The people who have helped me with this, have not always been kind.

The people who have ‘been kind’ for fear of upsetting my feelings have kept me trapped in behaviours that have very negatively affected my life.

’Be kind’ is a pernicious movement which is entirely centred on how the ‘Be kind’ person wants to see themselves. It’s not about the person who needs help at all.

Rainbowsandlollipops1 · 29/01/2026 07:27

greywolfie · 29/01/2026 06:28

She said the cat does not understand gardens 🤷🏻‍♀️
I'm expecting her back at 7am.
Now I'm awake I can have a bit of sympathy. I love my cats and it's horrible when you think they might be lost but, so unreasonable to ring at 2.30. My mind went straight to "who's died?"- not a nice way to wake up and she should understand that.
I'm also puzzled as to why she's so sure it was in our garden. Was she shinning a high powered torch?

Wait so she rang your doorbell at 2:30 and 5:15 to say the cat is in your garden and the cat wasn’t even in your garden? Yes she’s massively unreasonable!!

Namechangerage · 29/01/2026 07:29

You did the right thing OP.

But ‘shinning’ and ‘fumming’ ?? It is actually very difficult to type those words with autocorrect.

FancyPantsDressup · 29/01/2026 07:30

greywolfie · 29/01/2026 03:29

I am NEVER kind when I've just woken up. Especially at 2.30am!

I’d be fucked off too.

luckylavender · 29/01/2026 07:30

I would be furious

Spoodles · 29/01/2026 07:30

CinnamonJellyBeans · 29/01/2026 07:26

An errant cat is possibly the only good reason to wake someup up at 2:30 am with impunity.

I'd have nipped down, got a sneaky cat-cuddle in and handed it over the fence, having banked some brownie points for when I need builders/ocado to park over her drive, noisy party, house extension permission

YABU

You think a cat being a cat not ill, escaped, trapped or injured is the only good reason to wake someone at 2.30am!

It's hardly on par with a flood, fire or dead relative which are actually about the only reasonable reasons to wake someone at that hour.

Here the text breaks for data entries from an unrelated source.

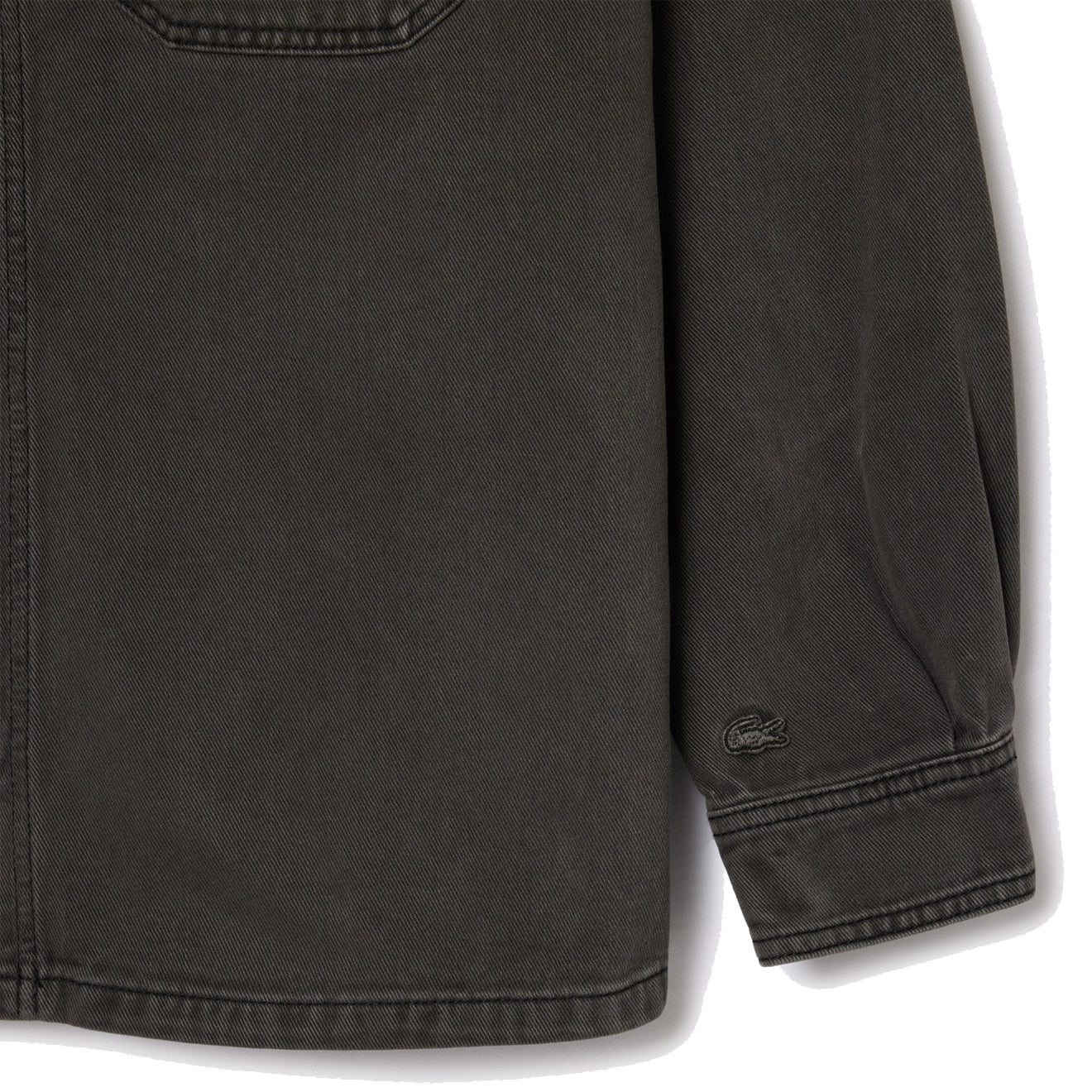 Lacoste Coloured Denim Classic Collar Overshirt Eco Noir - Parasol Store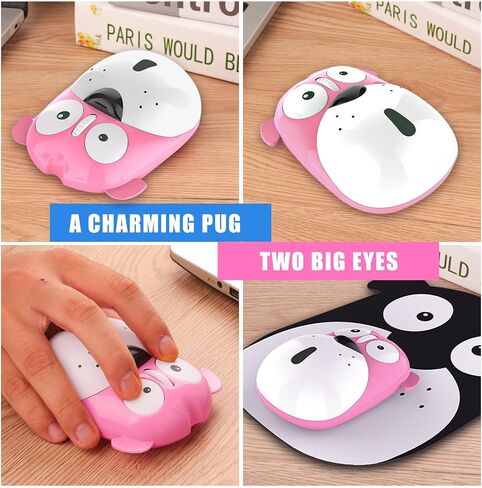 FLY WAY Cute Wireless Mouse, Cartoon Dog 2.4GHz Rechargeable Cordless Mouse with Nano USB Receiver Children Mice Kids Gaming Mouse for Notebook,Laptop,PC,Desktop (black) in Saudi Arabia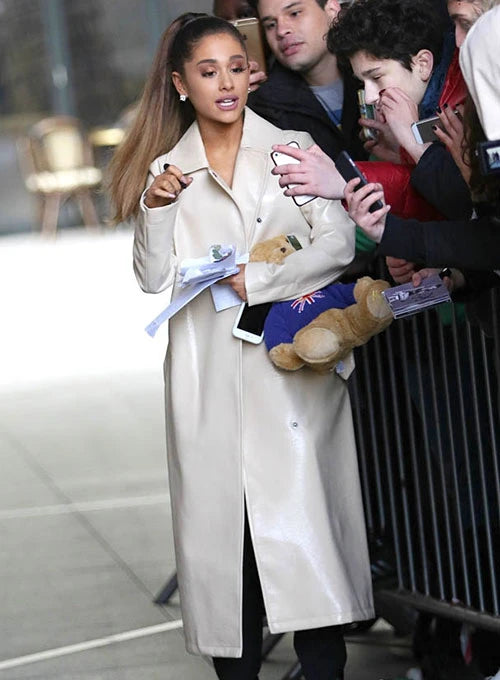 Ariana Grande Leather Long Coat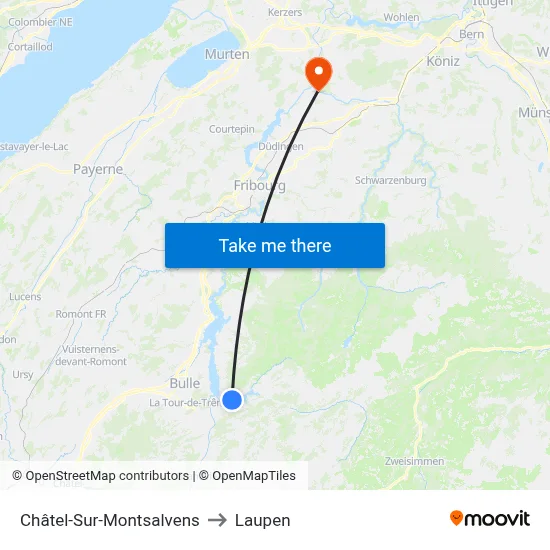 Châtel-Sur-Montsalvens to Laupen map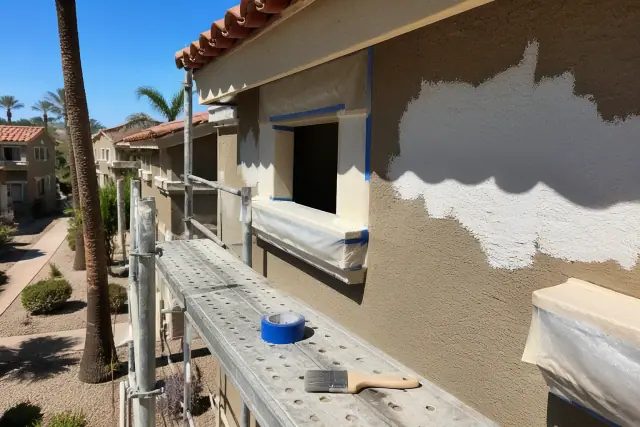 Contractor painting the stucco exterior of an apartment complex in Phoenix, AZ, from a scaffold platform.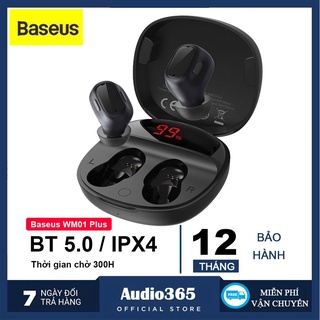 Tai nghe bluetooth 5.0 Baseus WM01 Plus màn hình led, cảm ứng, hỗ trợ đàm thoại, Pin 250h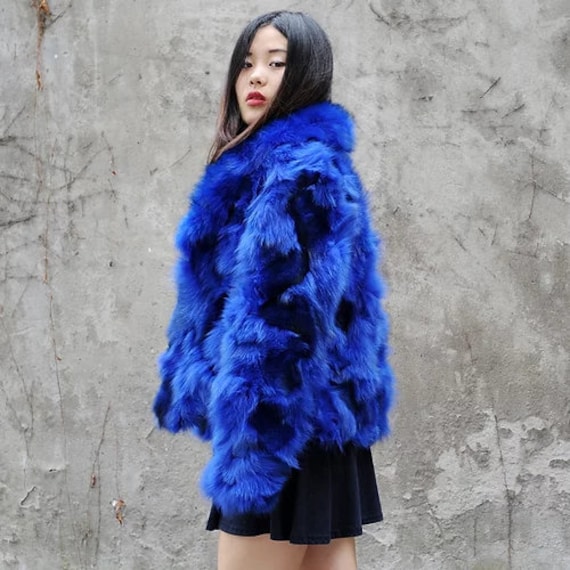 faux fur royal blue coat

Shakeyourwammyfannyfunkysong · 29/01/2026 07:31

OP I have 2 cats who I adore and I don't think YABU at all. It's really unsettling for your doorbell to be rung in the middle of the night. My heart would've jumped to my chest thinking it was the police to tell me my whole family had died or something. If it was an indoor cat who wasn't streetwise/had health conditions I might sympathise but for a regular cat? Ridiculous. You're completely right to tell her how ridiculous she's being and tell her never to do this again. Cats have no sense at all of garden boundaries. They'll go where they feel. If she doesn't like this she needs to catproof her fencing or keep it indoors. Not your problem at 2am FFS

CinnamonBuns67 · 29/01/2026 07:31

I'd be really annoyed too.

Does she have reason to be so panicky? Has the cat usually an indoor cat? Unwell? Injured?

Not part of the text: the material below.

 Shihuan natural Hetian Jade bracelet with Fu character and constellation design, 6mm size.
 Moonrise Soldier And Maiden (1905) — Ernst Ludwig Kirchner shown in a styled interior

If not I'd be telling her to keep her cat indoors so she knows where they are and she best not bother you with it again.

CinnamonJellyBeans · 29/01/2026 07:32

Spoodles · 29/01/2026 07:30

You think a cat being a cat not ill, escaped, trapped or injured is the only good reason to wake someone at 2.30am!

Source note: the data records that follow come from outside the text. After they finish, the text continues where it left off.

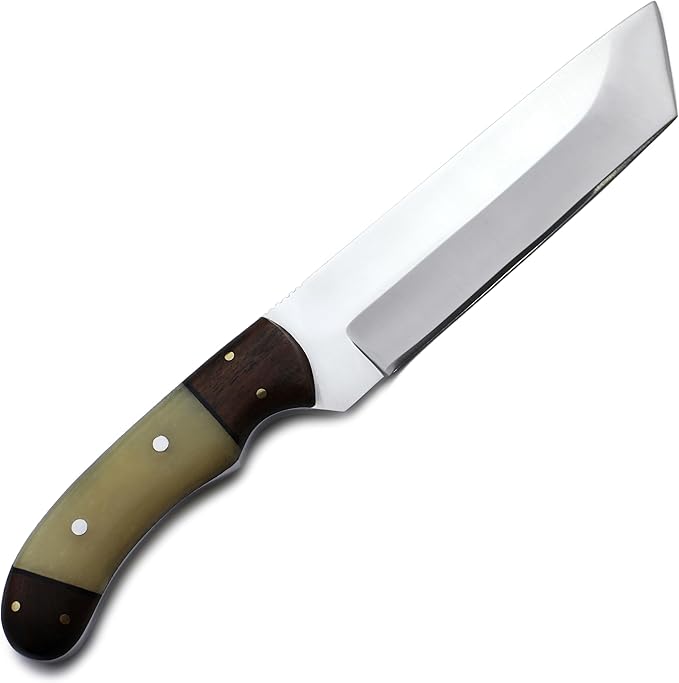 GCS Handmade Camel Bone Full Tang Handle D2 Tool Steel Blade for Hunting Camping and EDC Knife with Leather Sheath - GCS 1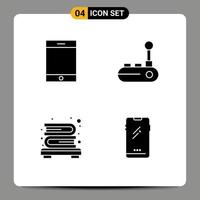 Stock Vector Icon Pack mit 4 Zeilenzeichen und Symbolen für Geräte-Bücherregal-Controller Joypad Smartphone editierbare Vektordesign-Elemente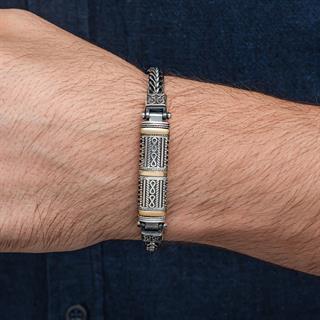 Yeni Tasarım Elişi 925 Ayar Gümüş Erkek Bileklik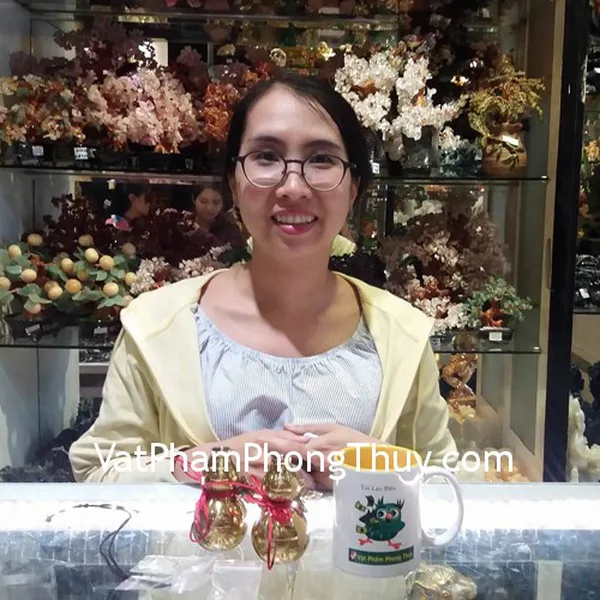 Chị Vinh - khách hàng mua hồ lô đồng D207, mặt tỳ hưu thạch anh vàng S764, mặt tỳ hưu thạch anh hồng S767, mặt cóc thach anh hồng S939 và hồ ly thach anh hồng S6341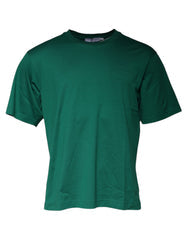 Men's Green Logo Crew Neck Short Sleeves T-Shirt Cotton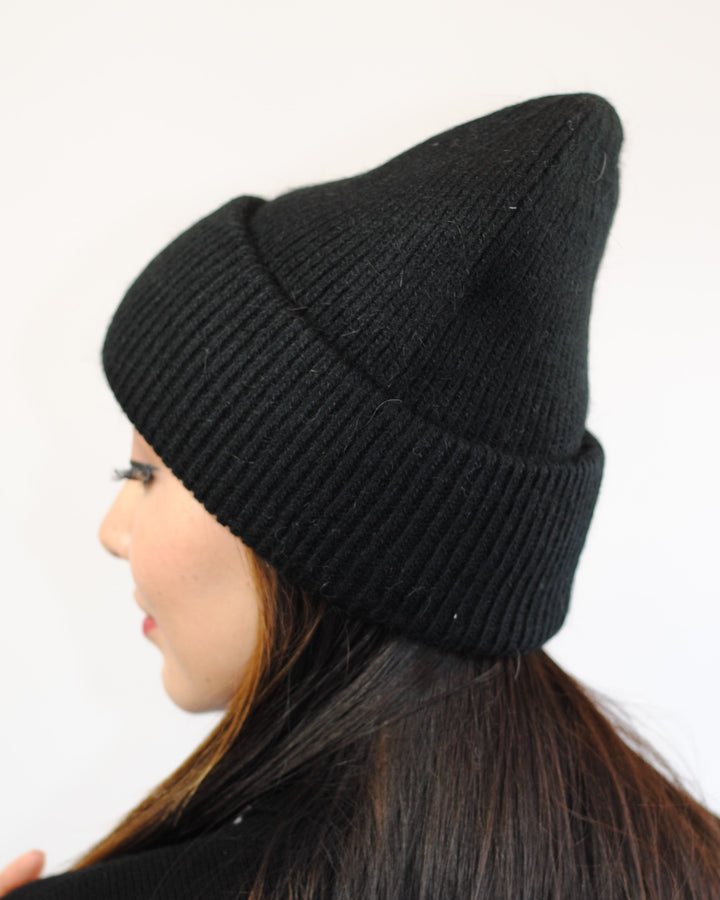 ANGORA BEANIE Wool Knit Hat With Double Cuff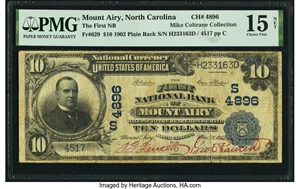 image for: Mount Airy, NC - $10 1902 Plain Back Fr. 629 The First National Bank Ch. # (S)4896 PMG Choice Fine 15 Net....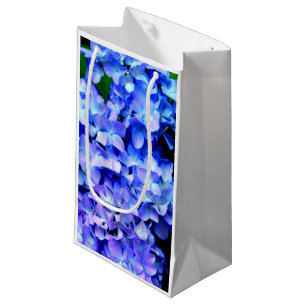 Sacola Para Presentes Pequena Elegante azul-púrpura magenta hidrangea floral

It's hardly on par with a flood, fire or dead relative which are actually about the only reasonable reasons to wake someone at that hour.

Cats win

Chiaseedling · 29/01/2026 07:32

Your neighbour is batshit.
I’ve had cats pretty much all my life and would never behave like that - we’ve had missing cat (who unfortunately got run over and was taken to the local blue cross) but we didn’t ring neighbour’s bells in the middle of the night.
If she’s that concerned she should keep the cat in at night like we do for our current one.

Keroppi · 29/01/2026 07:34

I can't believe she came back at 5am. I'm glad you told her off.. imagine her waking DC twice in one night I'd be fuming! For a CAT! That clearly goes outdoors!

I wonder what your next doors think? They must have had it from her at some point too.